At CloudNativeSecrityCon 2023 in Seattle, WA, Hamil Kadakia and Yonghe Zhao, software engineers of Yahoo’s security team, presented securing the software supply chain at scale and creating policies to protect against supply chain attacks.
Kadakia started the session by discussing what a software supply chain is and some common attacks like injection of vulnerable dependencies, compromising artifacts or changing permissions.
After emphasizing the importance of protecting the software supply chain, he cited recent software supply chain security reports from Anchor and Sonatype. He pointed out:
85-97% of enterprise codebases use open source software. This means that most of our application consists of code that we didn’t write. This can pose significant security risks.
He presented the existing security and compliance toolset that is part of the CNCF landscape and noted that the Software Supply Chain Best Practices white paper provides good guidance. However, it is difficult to decide where to start.
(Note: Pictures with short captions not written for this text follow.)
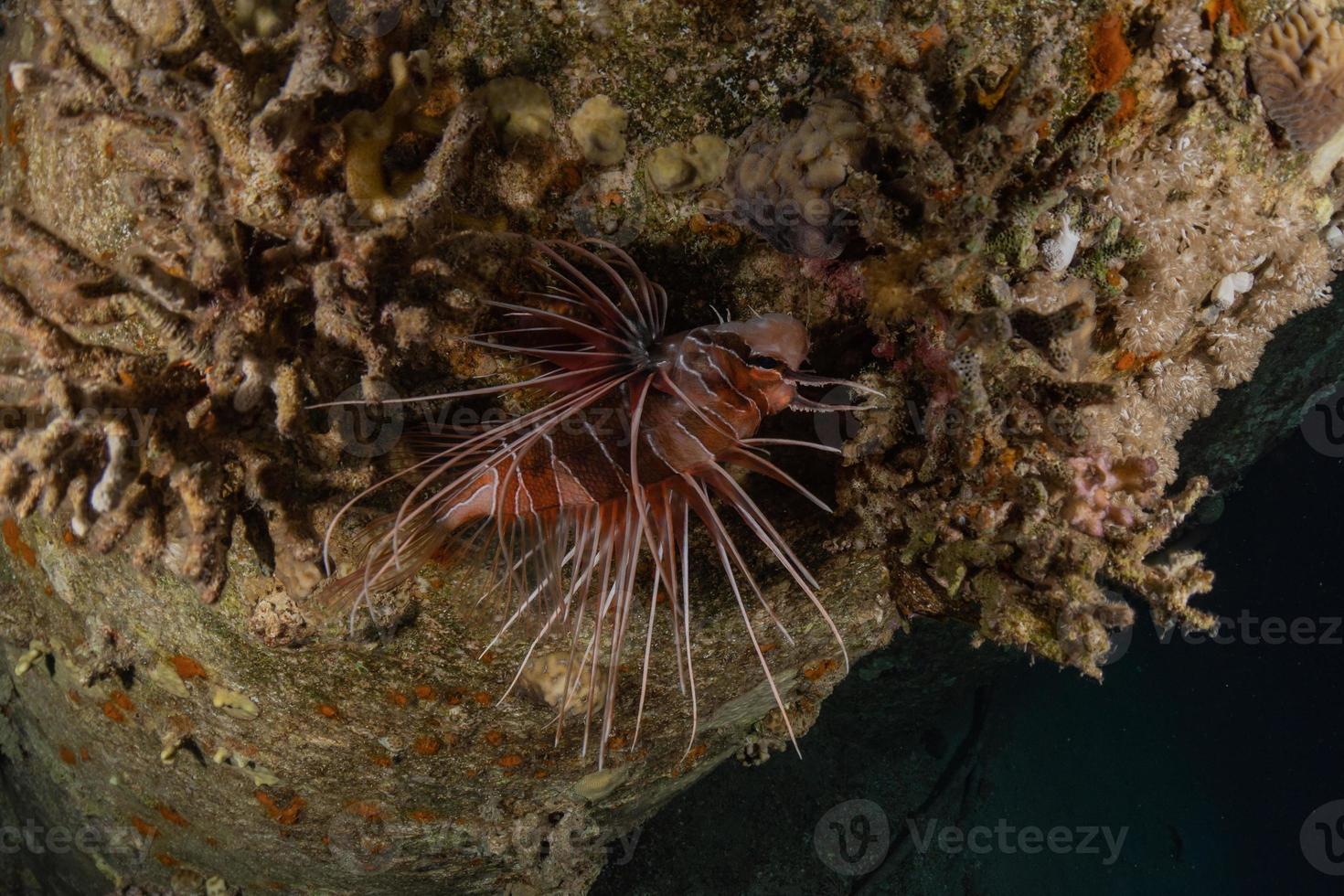 pez león en el mar rojo peces de colores, eilat israel foto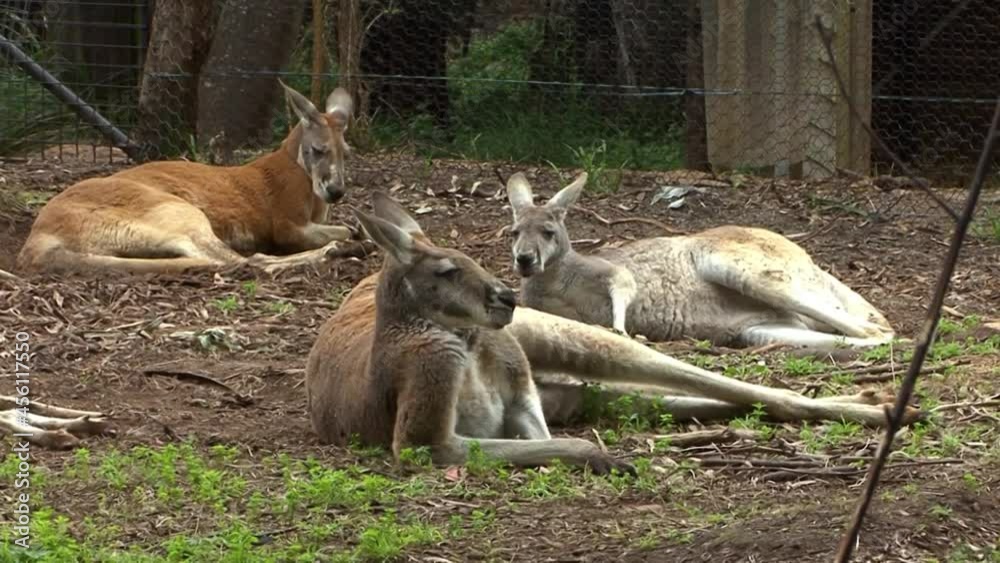 Family of Red Kangaroos in captivity resting. Australia's wildlife. Family of Red Kangaroos in captivity resting. Australia's wildlife.
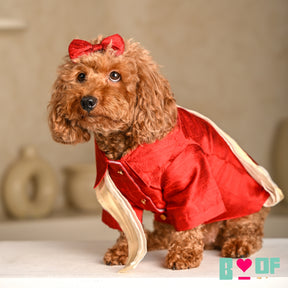 RED PURE RAW SILK DOG KURTA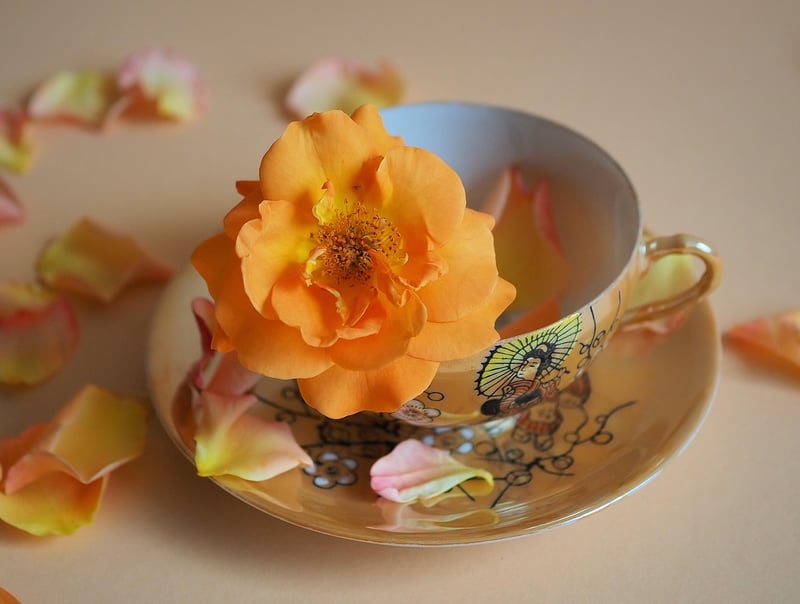 Summer Blossoms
Software supply chain was among the common themes covered in twenty different breakout sessions, including the keynote from Brian Behlendorf, executive director of the Open Source Security Foundation (OSSF).
InfoQ caught up with Liz Rice, Isovalent’s Chief Open Source Officer, who also delivered some of the keynotes and closing remarks and discussed the state of cloud-native security. Not only did she stress the importance of a secure supply chain, but also that it is part of the solution.
Due to the US executive order on cybersecurity last year, there has been a lot of focus on supply chain security and SBOMs. This has been a massive topic of conversation and many tools are being developed.
We must also remember that there are real-time security elements as well. We cannot expect to achieve total security through supply chain protection. One way or another, vulnerabilities will come through. For this reason, threat detection at runtime is also important.
Next, Zhao provided an overview of Yahoo’s current infrastructure, which includes seven hundred clusters and hundreds of thousands or more pods, and the tools that support the various teams at Yahoo.
He noted that to simplify, the team chose to go cloud-native by using GitHub Enterprise for source control, Screwdriver, an open-source build platform, for continuous delivery, an internal OCI registry for Artifacts and a combination of on-premise and cloud Kubernetes cluster.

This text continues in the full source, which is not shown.